For the almond sponge: separate the eggs. Whisk the QimiQ Sauce Base smooth with the melted butter and egg yolks. Add the flour, baking powder, vanilla sugar and half of the sugar and mix well.
2.
Whisk the egg whites with the remaining sugar and salt until stiff.
3.
Spread the mixture onto a baking tray lined with baking paper and bake in an oven at 160 °C for approx. 10 minutes. Sprinkle with some sugar and allow to cool.
4.
For each fruit mousse: lightly whip the cold QimiQ Whip with the sugar until completely smooth, ensuring that the entire mixture is incorporated (especially from bottom and sides of bowl).
5.
Add the sour cream, lemon juice and Ravifruit fruit puree (mango, coconut or guava) and continue to whip until the required volume has been achieved.

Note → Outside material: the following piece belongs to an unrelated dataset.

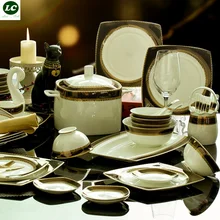 Тарелки и блюда набор керамический костяной фарфор сочетание роскошный дизайн Кухня Столовая и столовая посуда для бара наборы посуды 58 шт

Quickly fold in the melted butter and fill into a piping bag.
6.
For each fruit coulis: soak the gelatine in cold water and squeeze. Heat the Ravifruit fruit puree, add the gelatine and allow to dissolve. Spread the fruit coulis thinly onto a baking tray lined with cling film and allow to cool until firm.
7.
Place the fruit coulis onto the almond sponge and pipe the fruit mousses in lanes on top. Deep freeze.